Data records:
[Start of Attachment]
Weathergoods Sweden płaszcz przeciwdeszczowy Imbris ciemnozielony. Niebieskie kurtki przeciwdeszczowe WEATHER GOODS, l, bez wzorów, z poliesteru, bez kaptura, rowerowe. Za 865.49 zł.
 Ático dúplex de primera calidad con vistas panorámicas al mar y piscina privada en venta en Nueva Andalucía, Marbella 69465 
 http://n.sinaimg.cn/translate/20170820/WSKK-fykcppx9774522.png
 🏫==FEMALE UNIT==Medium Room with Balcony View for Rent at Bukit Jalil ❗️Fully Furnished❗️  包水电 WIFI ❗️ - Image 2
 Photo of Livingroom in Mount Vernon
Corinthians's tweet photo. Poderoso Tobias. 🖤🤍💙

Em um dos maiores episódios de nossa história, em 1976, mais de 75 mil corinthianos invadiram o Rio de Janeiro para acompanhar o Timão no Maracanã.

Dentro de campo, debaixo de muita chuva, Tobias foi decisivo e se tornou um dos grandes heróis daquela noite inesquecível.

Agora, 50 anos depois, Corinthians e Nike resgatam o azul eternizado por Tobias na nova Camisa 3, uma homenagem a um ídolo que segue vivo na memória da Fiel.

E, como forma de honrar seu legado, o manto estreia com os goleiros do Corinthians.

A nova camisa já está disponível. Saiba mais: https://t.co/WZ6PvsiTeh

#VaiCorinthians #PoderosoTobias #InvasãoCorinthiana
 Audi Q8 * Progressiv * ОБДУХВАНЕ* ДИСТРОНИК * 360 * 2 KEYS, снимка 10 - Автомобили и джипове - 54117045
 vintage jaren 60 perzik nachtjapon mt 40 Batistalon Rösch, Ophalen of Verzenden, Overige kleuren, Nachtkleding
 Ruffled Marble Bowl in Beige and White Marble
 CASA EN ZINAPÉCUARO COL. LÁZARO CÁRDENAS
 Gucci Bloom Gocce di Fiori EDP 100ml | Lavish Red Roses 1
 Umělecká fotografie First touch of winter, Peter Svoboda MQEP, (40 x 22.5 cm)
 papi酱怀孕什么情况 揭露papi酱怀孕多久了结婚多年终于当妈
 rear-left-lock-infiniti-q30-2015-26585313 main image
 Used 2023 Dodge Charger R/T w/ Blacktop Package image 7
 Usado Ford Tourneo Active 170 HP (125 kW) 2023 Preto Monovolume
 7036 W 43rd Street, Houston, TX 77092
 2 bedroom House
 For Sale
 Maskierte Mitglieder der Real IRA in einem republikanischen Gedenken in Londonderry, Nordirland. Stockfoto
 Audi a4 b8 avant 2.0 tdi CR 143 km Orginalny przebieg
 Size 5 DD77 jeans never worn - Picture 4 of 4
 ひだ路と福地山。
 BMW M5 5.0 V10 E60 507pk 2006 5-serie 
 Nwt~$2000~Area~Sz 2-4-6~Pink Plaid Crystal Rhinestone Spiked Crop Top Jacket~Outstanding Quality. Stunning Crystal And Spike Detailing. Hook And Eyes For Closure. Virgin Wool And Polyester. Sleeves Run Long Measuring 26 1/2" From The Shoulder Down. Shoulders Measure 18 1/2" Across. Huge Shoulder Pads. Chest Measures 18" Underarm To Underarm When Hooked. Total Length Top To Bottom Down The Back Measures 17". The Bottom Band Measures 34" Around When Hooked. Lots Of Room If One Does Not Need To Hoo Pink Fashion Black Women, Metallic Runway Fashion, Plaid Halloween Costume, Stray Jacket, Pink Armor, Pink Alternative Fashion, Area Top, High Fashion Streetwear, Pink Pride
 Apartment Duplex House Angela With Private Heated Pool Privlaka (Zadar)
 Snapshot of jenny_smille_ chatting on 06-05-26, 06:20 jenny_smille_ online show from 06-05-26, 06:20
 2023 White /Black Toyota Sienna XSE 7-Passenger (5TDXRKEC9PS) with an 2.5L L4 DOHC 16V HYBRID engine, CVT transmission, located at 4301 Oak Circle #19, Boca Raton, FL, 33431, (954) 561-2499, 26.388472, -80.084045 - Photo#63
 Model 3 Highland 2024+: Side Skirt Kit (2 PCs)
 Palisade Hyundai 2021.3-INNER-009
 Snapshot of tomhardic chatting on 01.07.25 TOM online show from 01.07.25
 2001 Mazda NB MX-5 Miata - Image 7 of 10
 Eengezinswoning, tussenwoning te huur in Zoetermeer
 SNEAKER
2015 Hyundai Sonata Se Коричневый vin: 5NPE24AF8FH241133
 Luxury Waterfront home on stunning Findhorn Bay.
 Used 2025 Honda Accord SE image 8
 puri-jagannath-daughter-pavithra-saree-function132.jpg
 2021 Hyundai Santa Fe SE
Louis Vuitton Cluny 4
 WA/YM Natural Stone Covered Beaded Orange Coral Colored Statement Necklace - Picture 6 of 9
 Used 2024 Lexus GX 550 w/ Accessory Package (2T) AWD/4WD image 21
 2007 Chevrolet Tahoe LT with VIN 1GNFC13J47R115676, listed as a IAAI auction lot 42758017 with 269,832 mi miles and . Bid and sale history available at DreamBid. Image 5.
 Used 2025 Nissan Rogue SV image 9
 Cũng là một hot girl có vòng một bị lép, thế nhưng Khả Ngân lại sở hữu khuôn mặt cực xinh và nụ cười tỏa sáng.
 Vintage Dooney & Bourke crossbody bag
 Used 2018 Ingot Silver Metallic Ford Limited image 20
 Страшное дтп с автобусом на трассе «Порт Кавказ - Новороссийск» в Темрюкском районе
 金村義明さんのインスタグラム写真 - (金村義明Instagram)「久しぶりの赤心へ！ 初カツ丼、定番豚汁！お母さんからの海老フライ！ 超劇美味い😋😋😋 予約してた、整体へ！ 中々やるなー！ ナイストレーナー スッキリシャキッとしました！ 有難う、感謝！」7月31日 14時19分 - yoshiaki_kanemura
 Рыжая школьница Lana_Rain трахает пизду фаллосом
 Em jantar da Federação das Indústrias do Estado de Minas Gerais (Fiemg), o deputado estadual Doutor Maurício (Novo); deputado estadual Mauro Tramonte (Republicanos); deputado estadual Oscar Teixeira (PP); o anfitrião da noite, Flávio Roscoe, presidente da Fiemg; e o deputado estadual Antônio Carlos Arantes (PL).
[End of Attachment]
**Work item:** From the entries above, print the lines beginning at the one with "Apartment Duplex House" and stopping after the one with "Snapshot of jenny_smille_", exactly as written and with nothing else.

**Exercise answer:**
 Apartment Duplex House Angela With Private Heated Pool Privlaka (Zadar)
 Snapshot of jenny_smille_ chatting on 06-05-26, 06:20 jenny_smille_ online show from 06-05-26, 06:20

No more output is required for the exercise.